Harvison faced Ramsey Nijem in his quarterfinal match. Harvison lost to Nijem via submission due to a rear-naked choke in the first round.

===Ultimate Fighting Championship===
Even though he lost to Ramsey in the quarterfinals, Harvison remained signed after the show. He made his official UFC debut June 4, 2011 on The Ultimate Fighter 13 Finale card, fighting against fellow castmate Justin Edwards. He won the fight via split decision.

Harvison moved from Georgia to Utah to train with his Ultimate Fighter castmate, Ramsey Nijem, at the Riven Academy. Harvison was expected to face The Ultimate Fighter: United States vs. United Kingdom runner-up, DaMarques Johnson, on September 17, 2011, at UFC Fight Night 25. However, Johnson was forced out of the bout with an injury and replaced by Seth Baczynski. He was defeated by rear naked choke submission in the second round.

Harvison was scheduled again to fight DaMarques Johnson.

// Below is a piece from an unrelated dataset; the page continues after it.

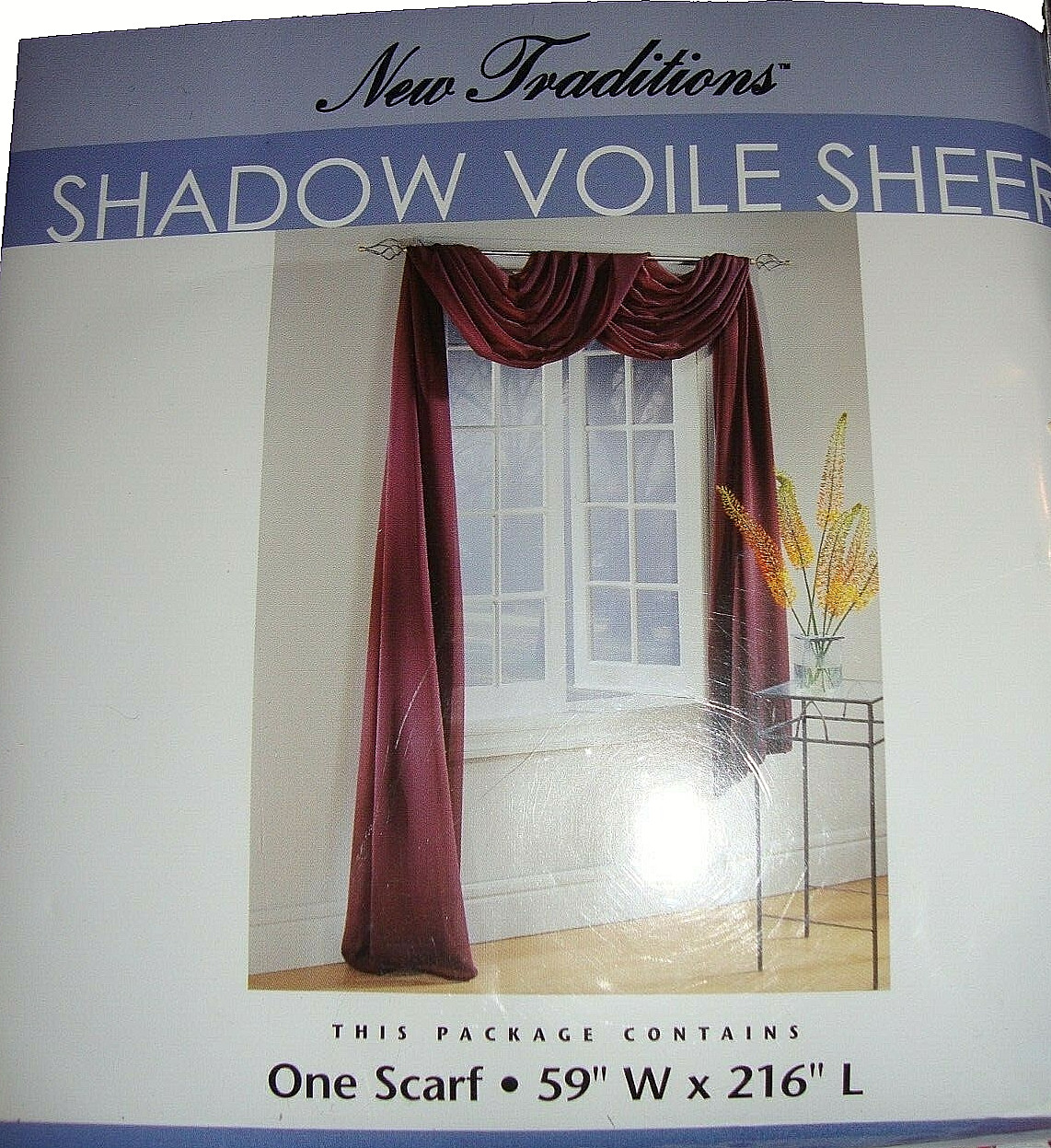 NEW TRADITIONS Elegant Shadow Voile Sheer Valance Window Treatment 59″x216″ 313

The bout took place on November 12, 2011, at UFC on Fox 1. Harvison lost the bout via first-round KO. After the loss to Johnson, Harvison was released from the promotion.

===Bellator MMA===
Harvison made his Bellator debut on February 7, 2013, when he faced Ururahy Rodrigues at Bellator 88. He won the fight via TKO (knee) in the third round.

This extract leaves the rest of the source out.